The possible values of $X$ are all the non-negative integers. That's an infinite set.

The formula does indeed define a probability distribution:

$$ \sum_{k=0}^\infty e^{-\mu} \frac{\mu^k}{k!} ~ = ~ e^{-\mu} \sum_{k=0}^\infty \frac{\mu^k}{k!} ~ = ~ e^{-\mu} \cdot e^\mu ~ = ~ 1 $$

Notice that the probabilities in the Poisson distribution are proportional to the terms in the expansion of $e^\mu$. The multiplicative constant $e^{-\mu}$ makes the probabilities add up to 1.

The figure below is the probability histogram of the Poisson distribution in the case $\mu = 1.5$.
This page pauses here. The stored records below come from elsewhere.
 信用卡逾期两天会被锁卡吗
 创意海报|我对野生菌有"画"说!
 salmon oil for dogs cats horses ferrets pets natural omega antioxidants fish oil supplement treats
Even though there are infinitely many possible values, the probable values are a pretty small set, between 0 and about 6 or 7.

The tallest bar is at $k = 1$. This value 1 is called the *mode* of the distribution. It can be shown that the mode of the Poisson distribution is the integer part of $\mu$. If $\mu$ is an integer then there are two modes, $\mu$ and $\mu - 1$.

Here is the histogram of the Poisson $(3)$ distribution. There are two modes, at 3 and 2.

The histograms show why you might want to use these distributions as models for random counts that tend to be small.

### The Bombing of London

During World War II the German air force launched a massive bombing attack on Britain and on London in particular. The British press called this attack the Blitz, the German word for lightning.

A classic probability text by William Feller provides data about the number of times bombs fell in different parts of London. The data were recorded as follows.

The city was divided into 576 sub-regions which we will call locations. Officials recorded the number of times each location was hit by a bomb. The distribution is shown in the histogram below. It shows that about 40% of the locations did not suffer a hit. But about 60% did, and some were hit multiple times. A small percent of locations were hit five or more times. Those are not visible on the scale of this graph.

Feller's book shows how this distribution is well approximated by the Poisson distribution with parameter $\mu = 0.93$. In the next chapter, we will see how the parameter was calculated. For now, see how closely the Poisson (0.93) distribution resembles the distribution of the data.

The numerical values of the Poisson probabilities have been calculated using a call that should come as no surprise.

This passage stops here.